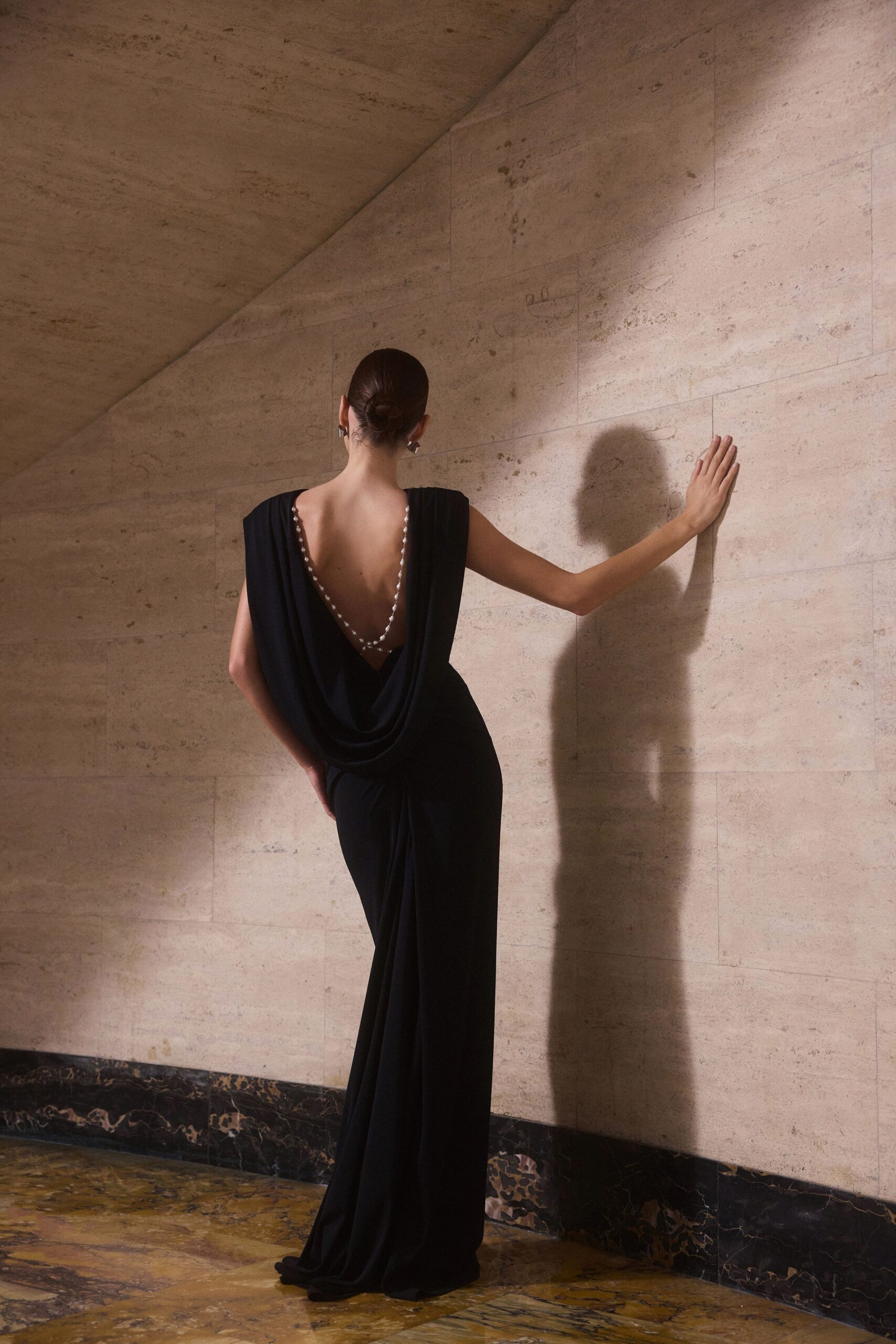 Black column gown in liquid jersey, back plunged to a pearl-trimmed cowl. Small silver block earrings. Pausing on a marble stair landing after everyone else has gone in.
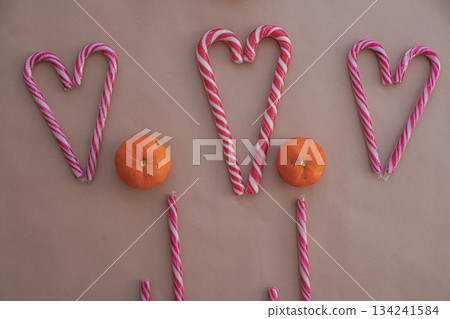 Three Heart-Shaped Candy Canes with Tangerines on Beige Background 134241584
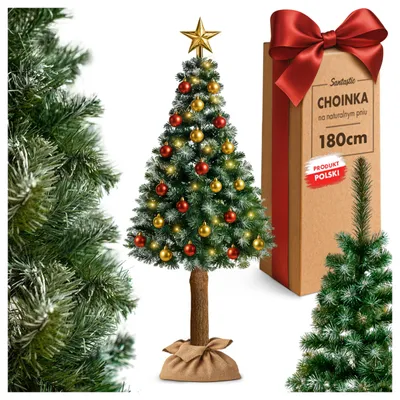 A decorated artificial Christmas tree with a brown trunk and a jute sack base, presented alongside its packaging box and a partial view of another Christmas tree.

* **Assigned task**
The answer is every line of the data, exactly as written, with the pictures dropped.

* **Answer area**
 Black column gown in liquid jersey, back plunged to a pearl-trimmed cowl. Small silver block earrings. Pausing on a marble stair landing after everyone else has gone in.
 Three Heart-Shaped Candy Canes with Tangerines on Beige Background 134241584
 A decorated artificial Christmas tree with a brown trunk and a jute sack base, presented alongside its packaging box and a partial view of another Christmas tree.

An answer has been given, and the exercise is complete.